Degradations of transistor performance by variations impacts gate delay, and finally it degrades the speed and yield of the LSIs. On the other hand, such WID variations can be compensated by reconfiguration. If a circuit is reconfigured according to the process variation, speed and yield can be enhanced. In order to place functional blocks according to the process variations, we must obtain variation data in some way. Once they are obtained, functional blocks can be placed according to the measured variations of each chip and their lengths of critical paths.

We have fabricated an LUT array LSI to confirm whether the WID variations clearly occur in reconfigurable devices. Its structure is shown in section II, measurement results is in section III, and we conclude this paper in section IV.

## II. FABRICATED LUT ARRAY

Fig. 1 shows the structure of a logic block (LB) which contains a 4-bit LUT and a scan flip-flop (SDFF). An LUT consists of 16 flip-flops to store an LUT configuration and five MUX4s (4-input multiplexers). The output signal **Mout** from the MUX4 is sent to the adjacent LUT. Fig. 2 shows the array structure of logic blocks in the fabricated chip. They are laid out in a fractal structure to observe



Fig. 1. Structure of a logic block. A signal is transmitted along the dashed arrow through two MUX4s per LB at the measurement.



Fig. 2. Structure of the LUT array. LBs are connected in a fractal structure to observe scalable process variations.

scalable process variations. If they are laid out in a line, WID variations may be canceled. The fractal structure makes it possible to measure WID variations in scalable square regions.

On measuring the process variations, a signal is rushing through LUTs from the first LB in a square region, which is captured by the SDFF in each LB. LUTs are configured as follows during the measurement.

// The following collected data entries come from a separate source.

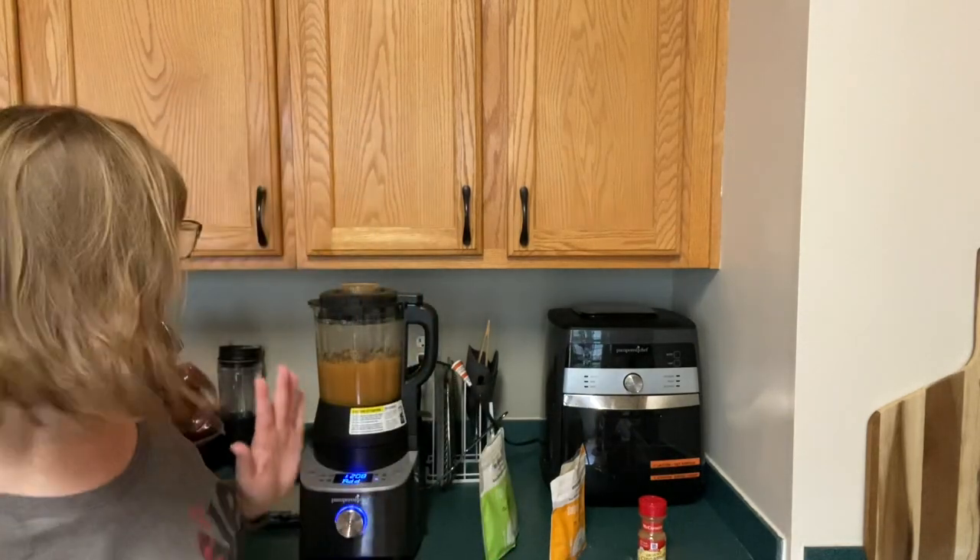I just wanted to pop on and tell you about our Deluxe cooking blender. Today I had apples left over and they would have gone bad fairly quickly, so I decided to make applesauce today.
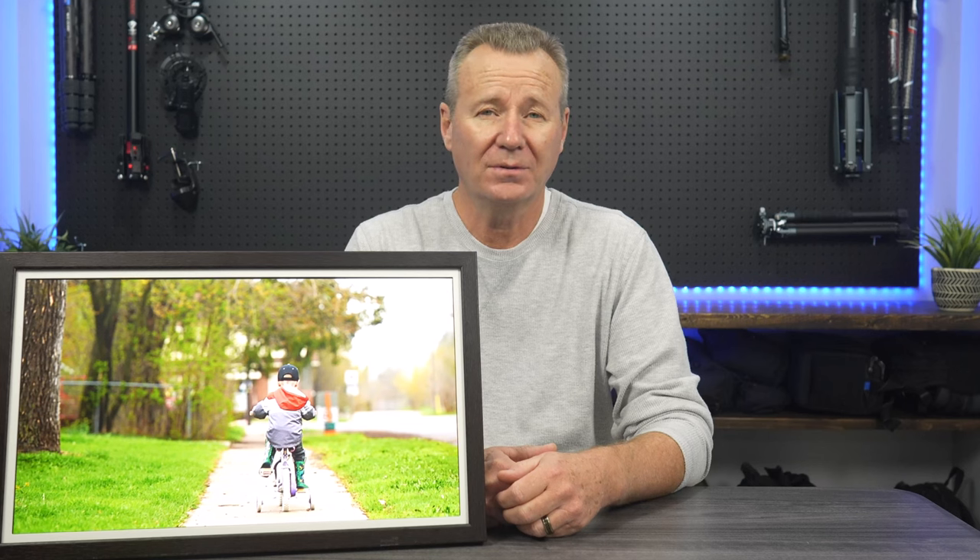Hi guys, in this video we'll take a look at a 21.5 inch digital picture frame sent to me by the good folks at Folgia. I've seen these here and there over the last couple of years but never really got around to checking them out, so when Folgia reached out I was really interested to have a look and see what it can do. That's what we'll be doing today, so let's get into it.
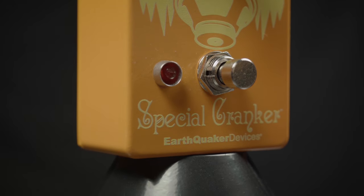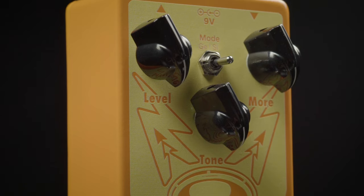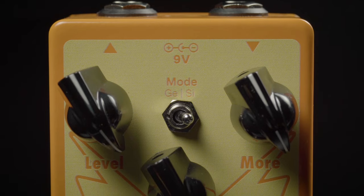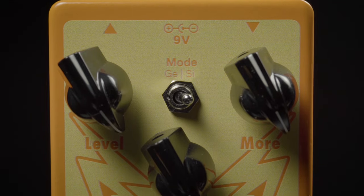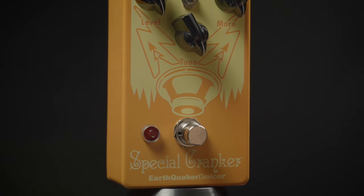This is Earthquaker Devices' latest version of their highly sought-after pedal, the Special Cranker. This pedal adds a great deal of tube warmth to your rig with very simple controls and either silicon or germanium diode sound. This pedal will push your rig to places it has never been before.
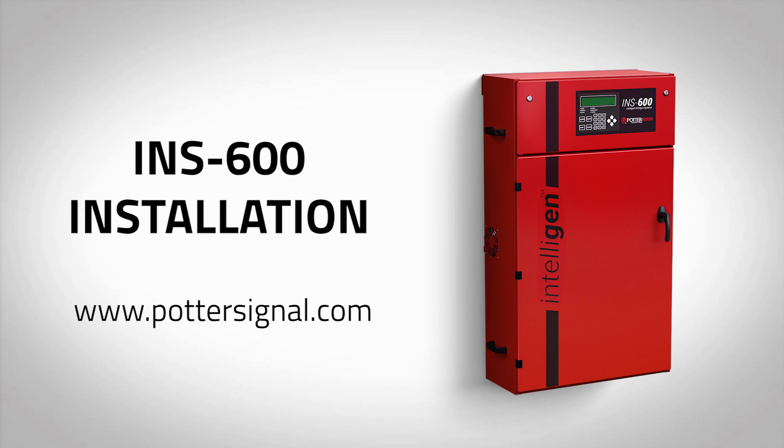Welcome to the Potter Intelligent Nitrogen Generator installation video for the model INS600. For more information and detailed installation instructions, visit www.pottersignal.com.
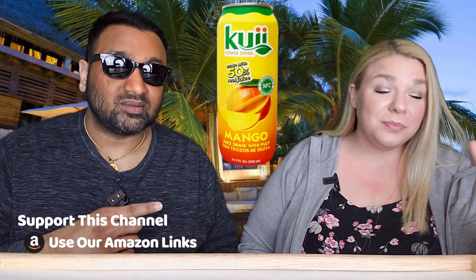So here's the deal with Kwee — however you pronounce it. This is going to be our fourth drink from them. Two we did not like. I liked one of them. We tried a couple of the Coco de Nata ones, and then the third one we liked. And now we're going to try this one.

- The LUT in the first LB is configured to become true at any input value.
- The LUT in the second LB is configured to become true if the input **B** from the previous Sout becomes true.
- The LUTs in the other LBs are configured to become true only if the input **A** from **Mout** becomes true.

Applying a clock pulse to SDFFs under the above LUT configuration, **Sout** of the first LB becomes true, which is transmitted through LBs. During the transmission, let



Fig. 3. Chip micrograph of a 90nm LUT array LSI including 2,048 logic blocks located at the bottom.

us apply another clock pulse to SDFFs. Then the SDFFs in the LBs where the true signal have been transmitted become true. If WID variations are observed, number of transmitted LBs will be different in each square region as shown in Fig. 2. Fig. 3 shows a micrograph of a fabricated LSI.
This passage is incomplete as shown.